The emphases have changed radically. New technologies have made it possible to show film and video in a denser and more thorough way, squeezing a quart into a pint pot, if occasionally claustrophobically. When the museum opened in 1994, there were doubts on many levels. Money was in short supply. In fact, the choice of the Frick and Lindsay Building on the North Side, rather than a purpose-built contemporary building, was to some extent conditioned by financial worries. When Francis in those days explained to trustees that the artwork being given to the new museum was worth at least $100 million, some were inclined to disbelieve him.

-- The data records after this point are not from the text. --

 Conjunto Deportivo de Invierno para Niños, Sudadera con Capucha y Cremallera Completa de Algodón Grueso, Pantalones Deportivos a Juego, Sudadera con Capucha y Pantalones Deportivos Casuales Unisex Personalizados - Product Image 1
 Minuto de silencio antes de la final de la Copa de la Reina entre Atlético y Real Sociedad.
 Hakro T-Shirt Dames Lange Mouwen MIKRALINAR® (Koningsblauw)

Today, Francis, now a director at the prestigious Gagosian Gallery in London, estimates that the collection is worth upwards of $1 billion.

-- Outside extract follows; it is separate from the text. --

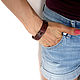 Women's Leather Cat's Paw Bracelet. Hard bracelet. Brave. Online shopping on My Livemaster.  Фото №2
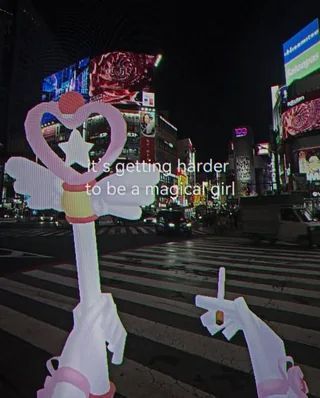 Life is hard being a magical girl (｡ᵕ ◞ _◟)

So this is a new world, where art and commerce have entered into a partnership that the great dealers and museums of the past could never have imagined. Could it be said now that The Andy Warhol Museum is “too big to fail”? Is it sustained by the extreme wealth that characterizes the new millennium, as was the art world in the decades just before the First World War, when museums (such as The Carnegie and the Metropolitan Museum of Art) and spectacular American collections were being formed? Might we yet see other Warhol Museums springing up in other parts of the world on the model of the Solomon Guggenheim Museum? Already there are plans for a Warhol satellite in New York City, and the disused Rosa Villa Bar, stripped of its sticky, red vinyl banquettes and no longer serving warm martinis to the museum’s staff, is now owned by The Warhol, awaiting some new role as part of an enlarged museum campus in Pittsburgh. Fred Hughes, in the beginning, appreciating the international appeal of Warhol’s art, once told me that if Pittsburgh had rejected the museum he would have sought to set it up in Berlin. (He probably would have said Beijing today.) All the museum needs now is a hefty endowment, which is a little late in coming.

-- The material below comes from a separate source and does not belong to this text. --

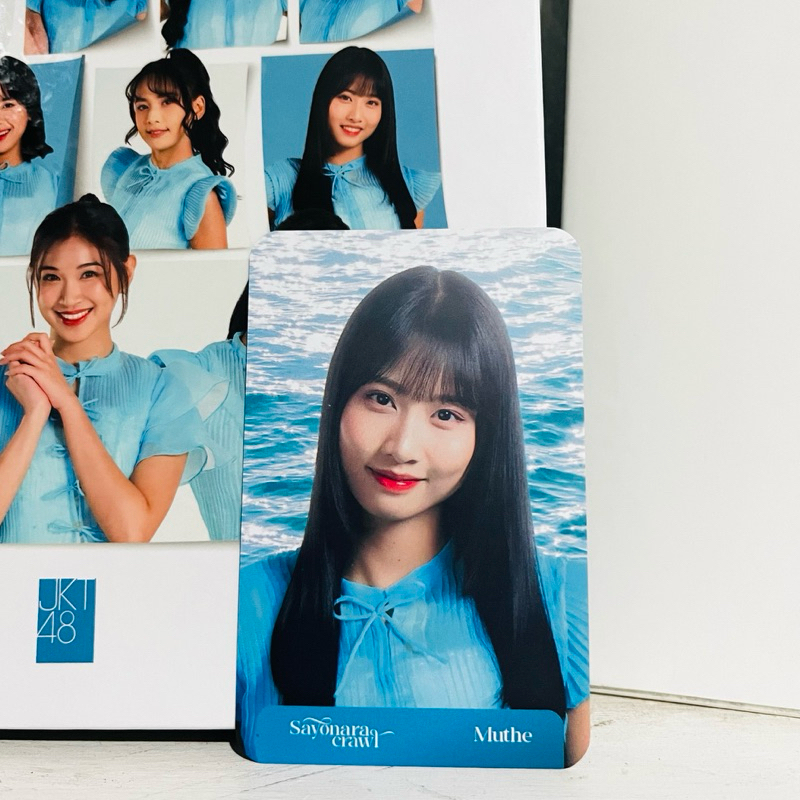 Photocard JKT48 Sayonara Crawl Mutiara Azzahra / Muthe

Yet today, the museum still has a real sense of its origins. Many of its original staff are still here, pursuing the original Warhol dream that inspired them in the first place. Others have gone on to be distinguished curators and museum directors elsewhere. The public comes in greater numbers. Celebrities visiting the city still come to the building, including the first lady, Michelle Obama, to look and to be photographed here. The 20th anniversary will be for many a homecoming and for others a chance to experience a great museum in a revived and vigorous city.
There are other voices and institutions that ought to be accounted for in a brief survey, the other founders: the Dia Foundation and the Andy Warhol Foundation in New York and their officers; local enthusiasts such as Robert Wilburn, former president of the Carnegie Institute; the late James A. Fisher and the late Sen. John Heinz, who were Pittsburgh’s original visionaries of the project’s potential. There are more; the list is endless.
Walter Hopps, now dead, will be looking down, watching the anniversary events. The question is, what will he say to Dominique, floating by on her adjacent but no less ethereal cloud?